Пью замерзшее молоко, а сердце, по образному выражению Иннокентия Анненского, «счетчик муки, машинка для чудес» — так несказочно болит…
31 декабря 1921 года.
Какая разящая разница: тогда, лет восемь тому назад, заревом огней пылал Невский, бурлила таинственная — толпа всегда таинственная — цепь человеческой волны, цокали копыта рысаков, ревели автомобили, кружился снег, такой неповторимо-белый.

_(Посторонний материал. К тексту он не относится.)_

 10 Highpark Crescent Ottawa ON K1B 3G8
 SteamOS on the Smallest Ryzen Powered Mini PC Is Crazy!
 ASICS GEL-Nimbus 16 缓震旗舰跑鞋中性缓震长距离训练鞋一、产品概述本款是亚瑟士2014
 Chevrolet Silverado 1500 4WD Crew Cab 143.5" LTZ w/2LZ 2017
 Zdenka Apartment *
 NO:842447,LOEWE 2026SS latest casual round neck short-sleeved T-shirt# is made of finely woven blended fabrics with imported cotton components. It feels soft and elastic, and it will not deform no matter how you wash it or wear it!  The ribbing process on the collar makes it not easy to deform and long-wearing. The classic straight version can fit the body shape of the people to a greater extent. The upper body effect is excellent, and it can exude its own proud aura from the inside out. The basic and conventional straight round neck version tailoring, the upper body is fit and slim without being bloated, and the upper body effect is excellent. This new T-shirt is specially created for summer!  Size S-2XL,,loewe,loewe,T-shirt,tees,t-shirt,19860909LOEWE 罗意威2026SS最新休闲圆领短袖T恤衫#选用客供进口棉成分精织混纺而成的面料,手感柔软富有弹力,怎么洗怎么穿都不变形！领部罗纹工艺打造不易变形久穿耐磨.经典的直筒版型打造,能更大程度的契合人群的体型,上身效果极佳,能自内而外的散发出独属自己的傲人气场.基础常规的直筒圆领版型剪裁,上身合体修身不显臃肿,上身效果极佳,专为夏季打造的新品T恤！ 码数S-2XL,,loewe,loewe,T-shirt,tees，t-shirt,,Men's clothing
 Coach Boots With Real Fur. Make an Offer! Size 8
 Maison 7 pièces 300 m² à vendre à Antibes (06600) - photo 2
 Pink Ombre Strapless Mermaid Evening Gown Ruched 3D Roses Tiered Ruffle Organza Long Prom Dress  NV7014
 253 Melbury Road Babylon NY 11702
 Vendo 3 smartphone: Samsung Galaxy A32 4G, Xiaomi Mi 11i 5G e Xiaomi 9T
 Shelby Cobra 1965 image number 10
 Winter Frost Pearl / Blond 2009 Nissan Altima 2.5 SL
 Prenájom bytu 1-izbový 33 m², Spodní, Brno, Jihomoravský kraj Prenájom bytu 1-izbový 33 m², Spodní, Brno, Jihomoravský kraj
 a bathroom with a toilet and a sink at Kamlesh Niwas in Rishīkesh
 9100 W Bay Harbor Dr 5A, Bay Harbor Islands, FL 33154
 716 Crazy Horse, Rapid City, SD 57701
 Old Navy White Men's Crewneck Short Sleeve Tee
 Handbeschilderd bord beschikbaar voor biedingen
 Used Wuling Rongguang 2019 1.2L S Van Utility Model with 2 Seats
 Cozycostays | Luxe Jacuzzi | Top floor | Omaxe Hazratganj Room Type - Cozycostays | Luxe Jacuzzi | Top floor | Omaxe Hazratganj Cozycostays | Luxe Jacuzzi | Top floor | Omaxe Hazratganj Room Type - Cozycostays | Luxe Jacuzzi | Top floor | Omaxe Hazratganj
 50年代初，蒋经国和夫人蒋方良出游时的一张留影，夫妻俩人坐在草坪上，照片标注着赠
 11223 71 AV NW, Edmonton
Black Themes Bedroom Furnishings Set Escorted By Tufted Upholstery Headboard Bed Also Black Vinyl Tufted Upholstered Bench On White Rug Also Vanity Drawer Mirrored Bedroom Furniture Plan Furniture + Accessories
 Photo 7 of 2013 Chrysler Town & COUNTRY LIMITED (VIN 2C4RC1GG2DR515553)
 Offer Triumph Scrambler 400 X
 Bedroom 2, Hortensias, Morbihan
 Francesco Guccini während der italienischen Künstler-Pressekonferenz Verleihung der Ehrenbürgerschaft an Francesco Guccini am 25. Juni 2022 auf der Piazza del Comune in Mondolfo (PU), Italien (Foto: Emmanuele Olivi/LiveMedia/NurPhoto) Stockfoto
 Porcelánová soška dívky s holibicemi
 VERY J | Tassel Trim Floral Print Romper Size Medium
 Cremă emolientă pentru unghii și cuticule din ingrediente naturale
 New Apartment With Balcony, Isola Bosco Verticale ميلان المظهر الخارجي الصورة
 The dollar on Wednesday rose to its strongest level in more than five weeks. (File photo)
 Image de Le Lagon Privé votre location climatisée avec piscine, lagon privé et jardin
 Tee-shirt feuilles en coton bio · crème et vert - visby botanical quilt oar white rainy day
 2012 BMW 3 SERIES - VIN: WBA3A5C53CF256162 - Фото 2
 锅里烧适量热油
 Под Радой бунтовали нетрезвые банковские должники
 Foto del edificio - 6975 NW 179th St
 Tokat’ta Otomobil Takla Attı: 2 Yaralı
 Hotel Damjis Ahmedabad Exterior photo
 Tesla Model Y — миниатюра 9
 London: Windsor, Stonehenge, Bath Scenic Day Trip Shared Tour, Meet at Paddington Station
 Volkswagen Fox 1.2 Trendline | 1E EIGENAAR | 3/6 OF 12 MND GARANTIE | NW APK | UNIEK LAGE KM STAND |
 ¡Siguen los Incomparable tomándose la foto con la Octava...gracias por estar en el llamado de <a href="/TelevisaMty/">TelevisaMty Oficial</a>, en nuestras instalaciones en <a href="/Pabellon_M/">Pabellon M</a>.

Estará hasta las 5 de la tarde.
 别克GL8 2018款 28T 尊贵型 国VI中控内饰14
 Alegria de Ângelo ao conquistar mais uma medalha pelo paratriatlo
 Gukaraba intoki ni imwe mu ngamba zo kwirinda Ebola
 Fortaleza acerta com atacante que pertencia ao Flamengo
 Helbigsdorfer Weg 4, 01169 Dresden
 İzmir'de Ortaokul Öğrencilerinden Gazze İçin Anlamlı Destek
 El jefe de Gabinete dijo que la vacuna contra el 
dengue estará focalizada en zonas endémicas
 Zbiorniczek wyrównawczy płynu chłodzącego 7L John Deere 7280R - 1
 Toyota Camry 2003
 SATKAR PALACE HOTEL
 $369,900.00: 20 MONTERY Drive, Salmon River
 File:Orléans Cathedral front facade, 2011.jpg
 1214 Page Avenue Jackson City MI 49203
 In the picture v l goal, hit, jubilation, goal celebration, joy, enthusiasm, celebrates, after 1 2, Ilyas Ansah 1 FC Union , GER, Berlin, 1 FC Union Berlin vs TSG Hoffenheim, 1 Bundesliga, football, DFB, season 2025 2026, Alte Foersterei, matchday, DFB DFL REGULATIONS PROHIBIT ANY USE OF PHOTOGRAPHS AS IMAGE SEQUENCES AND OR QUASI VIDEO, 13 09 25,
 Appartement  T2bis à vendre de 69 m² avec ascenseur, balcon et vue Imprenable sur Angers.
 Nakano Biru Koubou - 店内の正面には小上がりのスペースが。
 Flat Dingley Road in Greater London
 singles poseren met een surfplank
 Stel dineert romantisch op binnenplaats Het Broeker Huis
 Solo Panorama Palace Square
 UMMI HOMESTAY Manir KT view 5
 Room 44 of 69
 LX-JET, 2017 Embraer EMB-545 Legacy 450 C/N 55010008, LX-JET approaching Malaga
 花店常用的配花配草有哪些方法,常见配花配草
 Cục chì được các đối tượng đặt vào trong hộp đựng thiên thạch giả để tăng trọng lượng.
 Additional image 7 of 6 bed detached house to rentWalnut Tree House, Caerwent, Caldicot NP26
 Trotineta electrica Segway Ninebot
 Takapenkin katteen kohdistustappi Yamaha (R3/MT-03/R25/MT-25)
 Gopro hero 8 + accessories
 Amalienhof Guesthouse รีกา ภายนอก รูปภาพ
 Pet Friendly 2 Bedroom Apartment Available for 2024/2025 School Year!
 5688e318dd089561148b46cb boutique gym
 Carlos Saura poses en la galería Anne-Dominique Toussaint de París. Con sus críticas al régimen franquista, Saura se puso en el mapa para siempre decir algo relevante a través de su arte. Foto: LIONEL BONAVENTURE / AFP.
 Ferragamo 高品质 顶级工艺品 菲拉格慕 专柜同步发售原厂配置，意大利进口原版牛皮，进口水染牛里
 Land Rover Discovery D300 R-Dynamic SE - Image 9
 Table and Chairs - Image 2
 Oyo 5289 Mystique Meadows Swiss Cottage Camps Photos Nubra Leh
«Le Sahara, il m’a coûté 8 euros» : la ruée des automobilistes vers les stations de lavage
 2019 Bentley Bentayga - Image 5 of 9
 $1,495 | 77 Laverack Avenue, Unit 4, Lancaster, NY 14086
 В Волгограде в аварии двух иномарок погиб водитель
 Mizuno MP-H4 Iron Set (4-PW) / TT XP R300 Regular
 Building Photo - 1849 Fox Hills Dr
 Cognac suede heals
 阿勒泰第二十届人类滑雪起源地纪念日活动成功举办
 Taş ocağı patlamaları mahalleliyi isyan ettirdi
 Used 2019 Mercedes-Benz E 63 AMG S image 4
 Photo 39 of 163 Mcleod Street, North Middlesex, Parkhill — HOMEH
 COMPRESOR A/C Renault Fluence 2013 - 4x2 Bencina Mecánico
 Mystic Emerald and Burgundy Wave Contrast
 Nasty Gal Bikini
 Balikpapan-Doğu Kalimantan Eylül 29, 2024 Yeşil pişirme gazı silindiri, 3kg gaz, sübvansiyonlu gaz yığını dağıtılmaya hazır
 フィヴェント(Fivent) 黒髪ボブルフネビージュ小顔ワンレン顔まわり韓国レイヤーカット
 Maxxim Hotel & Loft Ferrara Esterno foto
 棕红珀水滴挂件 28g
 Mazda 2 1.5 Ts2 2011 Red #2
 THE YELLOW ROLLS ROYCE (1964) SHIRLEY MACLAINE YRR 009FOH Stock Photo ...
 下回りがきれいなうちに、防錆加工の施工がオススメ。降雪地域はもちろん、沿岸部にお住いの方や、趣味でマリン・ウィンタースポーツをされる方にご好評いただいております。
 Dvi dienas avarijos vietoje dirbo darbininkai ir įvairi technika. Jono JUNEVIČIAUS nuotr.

Теперь пустынно и страшно на главной улице блистательного Санкт-Петербурга, вой выстрелов и слабые крики в переулках. А снег летит. Не тот — неповторимо-белый, не тот. Тяжелый, тающий, серый снег…
Дома, в высокой комнате по Литейному, тоже пустынно: керосиновая бутылка на подоконнике, стол из ящиков, двуногий диван темного, изорванного шелка в стиле Людовика XIV — прости, Король-Солнце! — и вездесущая буржуйка весьма капризного нрава — всегда дымит. Вот и все. Но после подвалов ЧК — замком сказочной принцессы показалась мне эта нищая комната. Только сегодня я заметил, что не всегда приятно, замерзнув в канцелярии, садиться верхом на кашляющую печь, что двух фунтов прелого хлеба не может хватить на неделю, что нет у меня ни книг, ни покоя, ни той, что похожа на птицу с нездешними глазами…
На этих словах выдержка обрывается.